Crawled websites in the Common Crawl dataset are stored in WARC Web ARChive format. The Common Crawl archive used in this project is divided into 66.500 parts, each containing on average 46.000+ WARC records so in total 3.07+ billion Web pages.

URL Index

To not being forced to download and look into all crawled data, Common Crawl provides an URL Index for the crawled Web pages.

For example if we lookup http://www.uni-freiburg.de/ we get.
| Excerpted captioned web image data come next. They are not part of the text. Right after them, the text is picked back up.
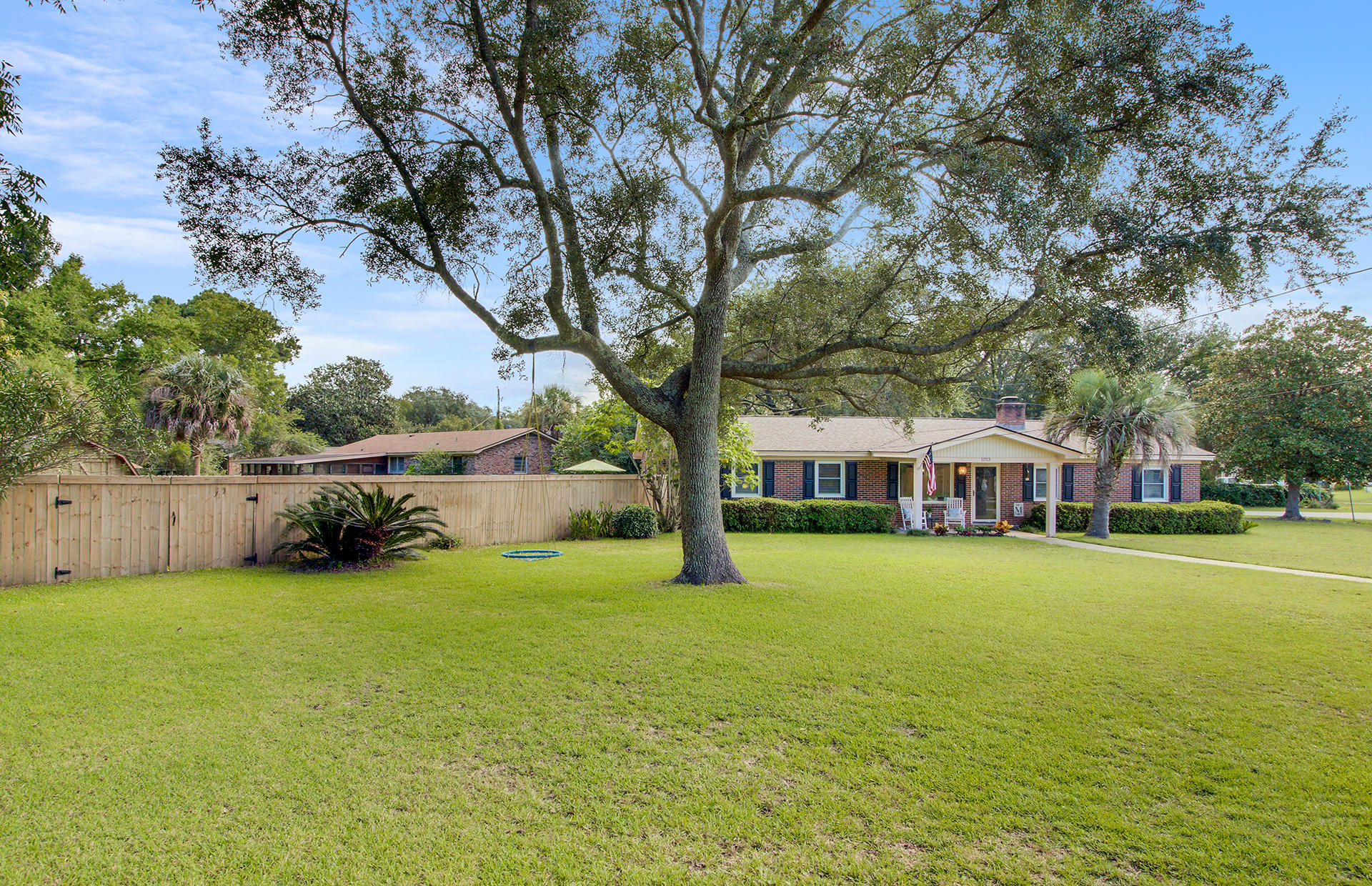 1013 Windward Road Charleston, SC 29412 - Photo 34 of 48 3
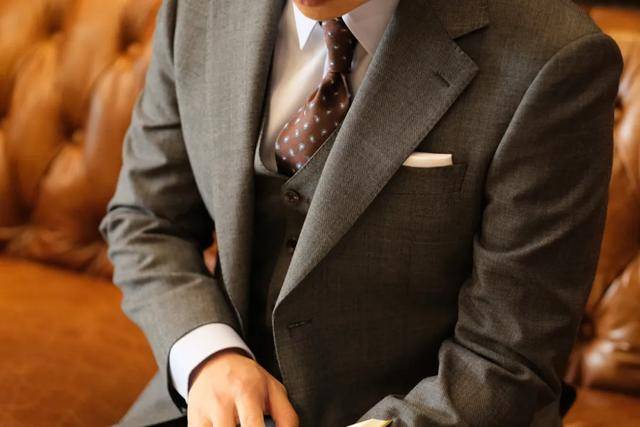 定制|萨唯尔 | 爱就要有仪式感，用专业和热情定制私人结婚礼服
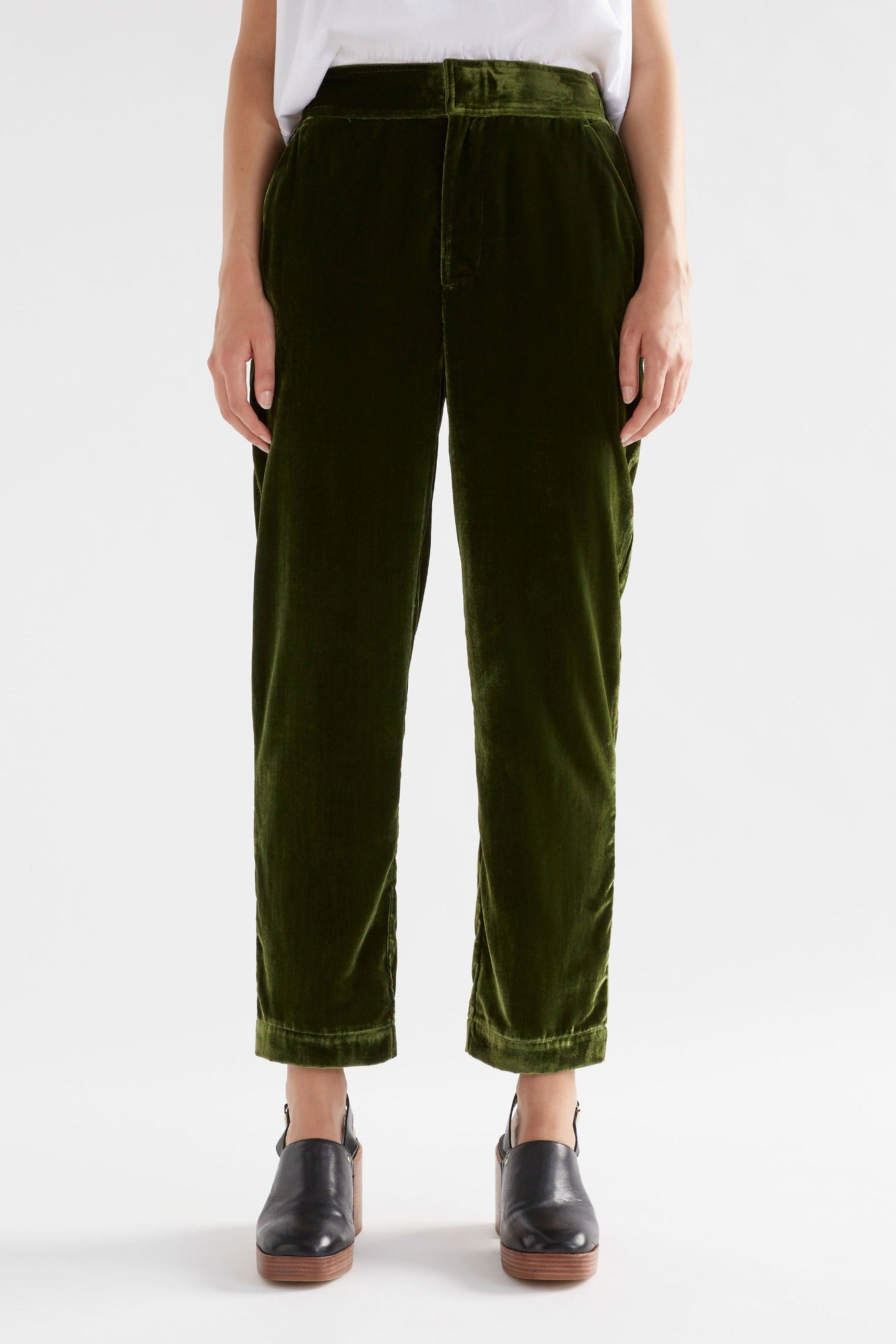 Elk Suuri velvet pant in moss green.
Example of a Common Crawl index entry.
{
     "digest": "VJOEXKZAJQ56LKVB7ZP3WHQJ7YWU7EIX",
     "filename": "crawl-data/CC-MAIN-2017-13/segments/1490218187945.85/warc/CC-MAIN-20170322212947-00421-ip-10-233-31-227.ec2.internal.warc.gz",
     "length": "17128",
     "mime": "text/html",
     "offset": "726450631",
     "status": "200",
     "timestamp": "20170324120615",
     "url": "http://www.uni-freiburg.de/",
     "urlkey": "de,uni-freiburg)/"
 }

now we can use filename, offset and length to download only this fetched site from the archive. For example using curl

Download single WARC entry from Common Crawl archive.
curl -s -r<offset>-$((<offset>+<length>-1)) "<archive_base><file_name>" >> "<out_file>"

Common Crawl even provides a server with an API to retrieve the WARC file locations.
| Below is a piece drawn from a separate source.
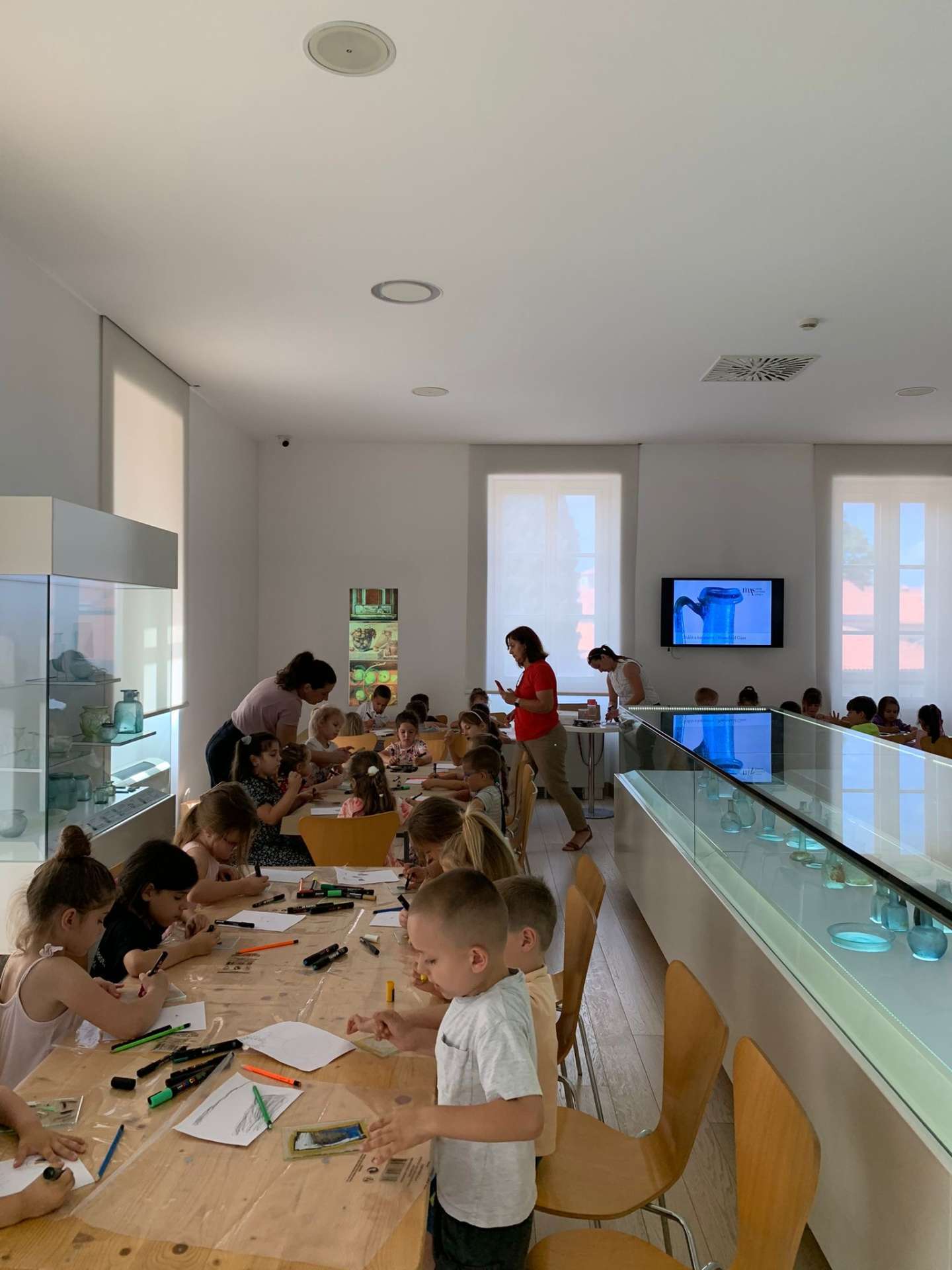 Participants of the "Žuto pače" kindergarten at the workshop "From (glass) waste to a work of art"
Fetch university WARC file locations

endSly/world-universities-csv provides a source of currently 9363 university web sites from all over the world. The index_fetcher.py provides a tweaked version of ikreymer/cdx-index-client to fetch the warc file locations for domains provided by the world-universities.csv file.

Download the WARC files

After fetching the locations of the WARC files in the Common Crawl archive: src/download_warc.py downloads the WARC files and stores them compressed. Use NUM_PARALLEL_JOBS to adjust how many parallel jobs should be executed at the same time.

Coverage in Common Crawl

During the project the question raised how many of the personal Web pages are in the common Crawl archive. Generally we know that in each iteration crawls overlap to some degree with its predecessors. For example in the April 2017 archive 56% of the crawled URLs overlap with the March 2017 crawl (as stated in the April 2017 crawl announcement).
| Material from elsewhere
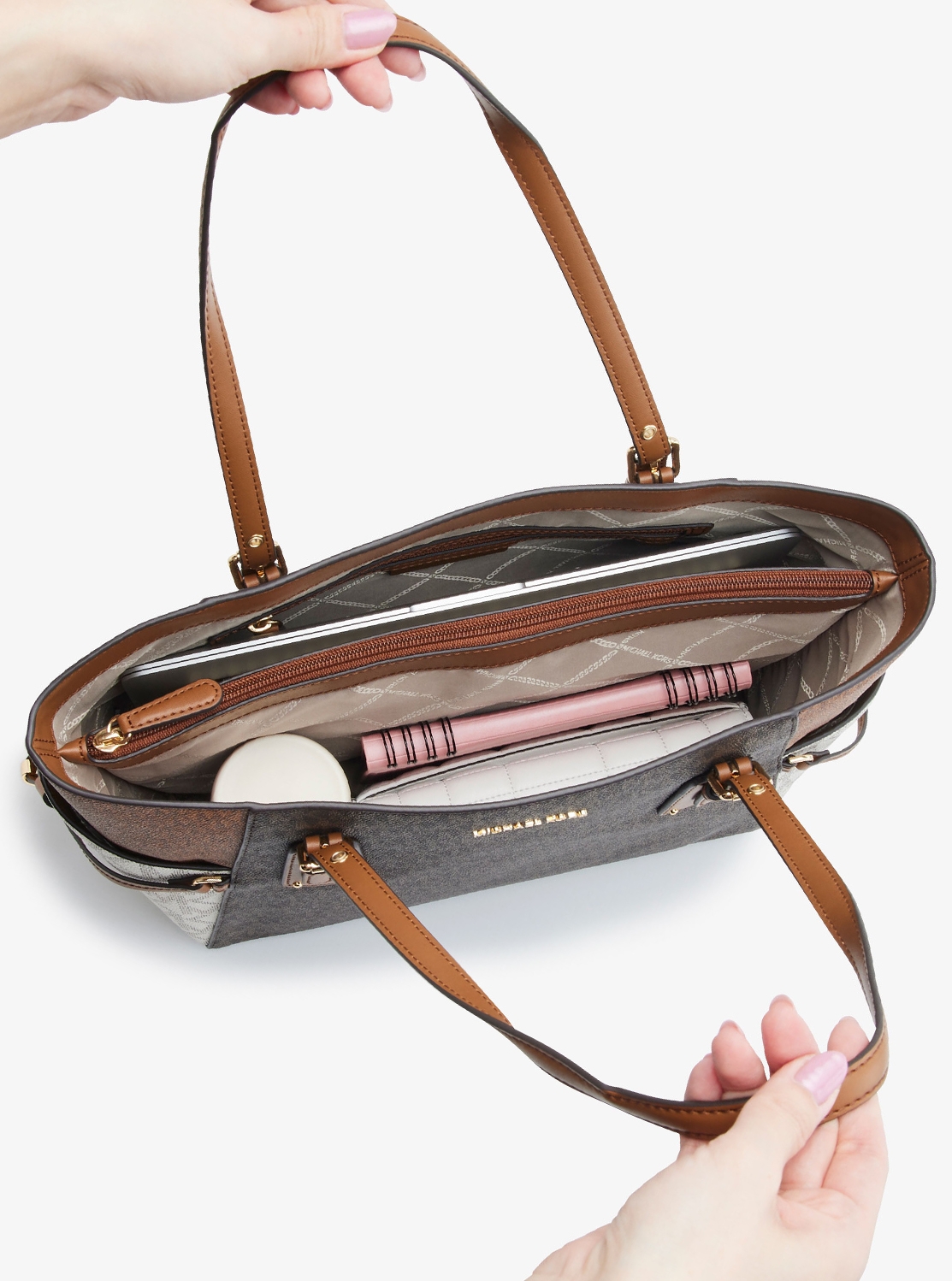 【国内発送】MICHAEL KORS カラーブロック トート MICHAEL KORS｜VOYAGER カラーブロック トート - MKシグネチャー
To evaluate the coverage for a certain host, we collected 342 urls for scientists personal Web pages on the uni-freiburg.de domain and checked if they are present in the different crawls. For all indexes (Summer 2013 till June 2017) combined 46,7% of the sample sites where covered. Figure 8 shows the matches of the 164 out of 342 samples with at least one match in a crawl archive. Figure 9 contains the total coverage for each crawl and the combined coverage for each crawl and the union with its predecessors.

_images/coverage_matrix.png

Figure 8: Coverage matrix for the 164 samples with at least one match in a crawl.

_images/coverage_plot.png

Figure 9: Plots of sample URL coverage. Total coverage for single crawl archives and coverage for the union of the crawl archive and its predecessors.

To reproduce the results yourself or for another set of URLs you can use evaluate_common_crawl_coverage.py to evaluate the coverage for a list of URLs.